Buna bağlı ikinci konu ise sanatın dolaşımı üzerindeki iktidar alanları konusudur. Büyük müzeler, kurumlar ve güçlü çevrelerin güdümündeki dolaşımda olma konusu yeni tartışmaları ve bazıları ironik de olsa kavgaları ateşledi.


EMY: Yeni mekanın tasarımında kiminle çalıştınız?

EKK: Yeni mekanı ZEMİN grubunun tasarım ve denetiminde ortaya çıkarttık. Özellikle gruptan Mimar Nesli Kayalı süreci başından sonuna yöneterek az kaynakla mekanın özelliklerine yakışır kalitede bir sonuç ile yenilenmesini ve bir çağdaş sanat galerisi haline gelmesini sağladı.

EMY: Şimdiye kadar Alan İstanbul bünyesinde mimarlık, tasarım, kent ile ilgili bir sergi açıldı mı? Açıldıysa bundan da söz edebilir misiniz?

EKK: ALAN İstanbul’un kimliğine de uygun olarak birçok mimarlık ve kent ile ilgili sergi projesi gerçekleşti. Bunlardan birincisi 4 mimarlık kolektifi ve 1 sanat kolektifi ve 2 sanatçının işlerinden oluşan “Mimarlık Üzerine Bir Sergi” oldu. Ayrıca Murat Germen, Ceren Oykut ve Müge Bilgin’in katılımı ile “La Production de L’Espace: Kent Üzerine Bir Sergi” Henri Lefevre’ye bir saygı duruşu şeklinde gerçekleşti. Nihan Çetinkaya küratörlüğünde “Yumuşak Şehir” galeri mekanının dışına taşarak kentin içindeki çeşitli iç ve dış mekanlara dağılan çok kapsamlı bir sergi oldu. Ve Creative Bonanza’nın “Küpşehir” sergisi oyuncak tasarımları ile kente eleştirel bakan çok sempatik bir sergi idi ve çok fazla izleyici takip etti.


Mimarlık Üzerine Bir Sergi


Yumuşak Şehir

EMY: Sizin özelinizde konuşacak olursak. Mimarlık ve kentsel tasarım eğitimi almışsınız. Aldığınız bu eğitim şu an yaptığınız işte nasıl bir bakış açısı sağladı?
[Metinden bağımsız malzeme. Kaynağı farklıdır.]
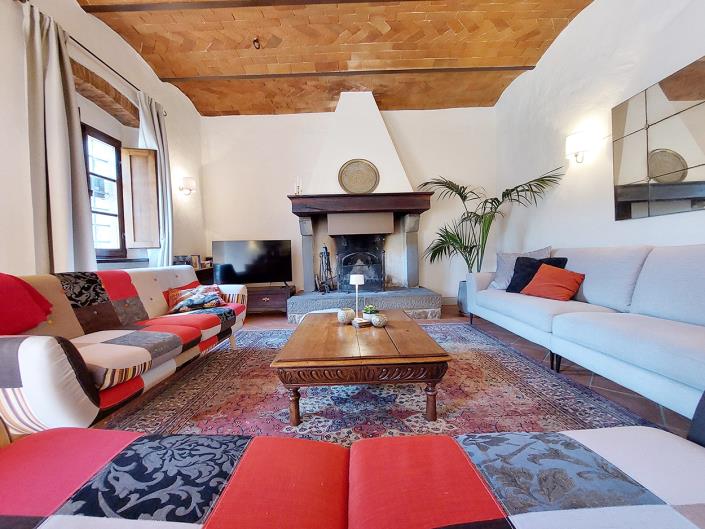 Image No.15-7 Bed Farmhouse for sale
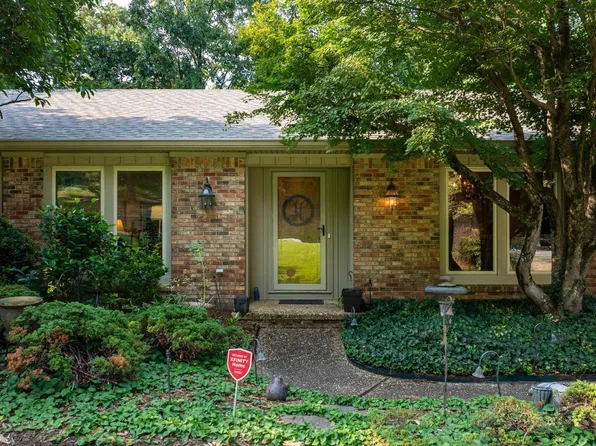 266 Valley Club Cir, Little Rock, AR 72212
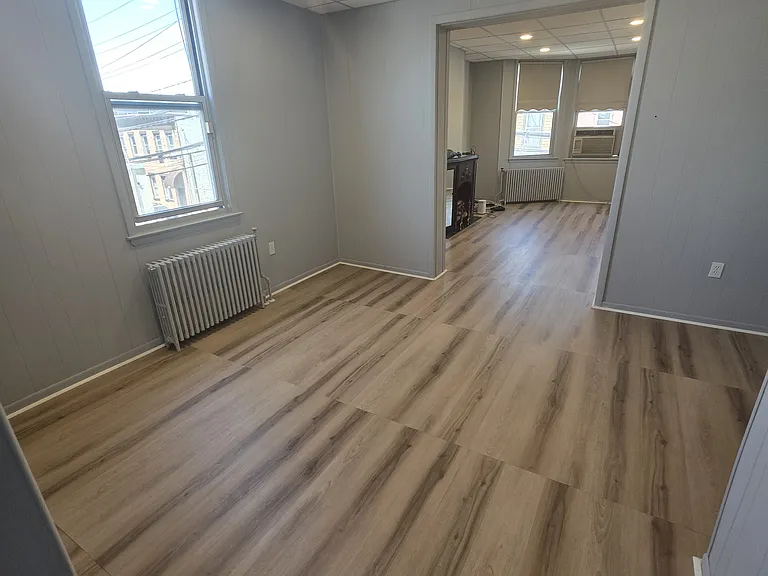 595 67th St #2 — Photo 3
EKK: Şu an İTÜ Mimari Tasarım doktora programında eğitimimi Prof.Dr. Semra Aydınlı ile sürdürüyorum ve tez çalışmamı güncel sanatın estetik paradigması üzerinden çağdaş mimarlık eleştirisi üzerine yazıyorum. Bunun gerisinde Mimar Barbaros Sağdıç ile 7 yıl süren profesyonel mimarlık deneyimim oldu ve hem teori hem de pratik açıdan çok fazla şey öğrenme fırsatım olabildi. Bütün bunlar sanat yönetimi anlamında çok güçlü bir arka plan kazandırdığı kanaatindeyim. Çünkü günümüz sanatı mekânsal bağlamlarından ayrı kaldığında zayıf bir sanattır. Bu açıdan bir yandan özgürleşebilmek adına kentle diyaloğu zorlarken diğer taraftan mimari arka plan ile birlikte kendisini gerçekleştirme eğilimdedir. Böylece disiplinler-arası –veya ötesi- bir durum söz konusu. Bu interdisipliner alanlar farklı birikimlerin varlığını gerektiriyor ve mimarlık ve kent tasarımı bu yönden çok güçlü bir zemin sağlıyor.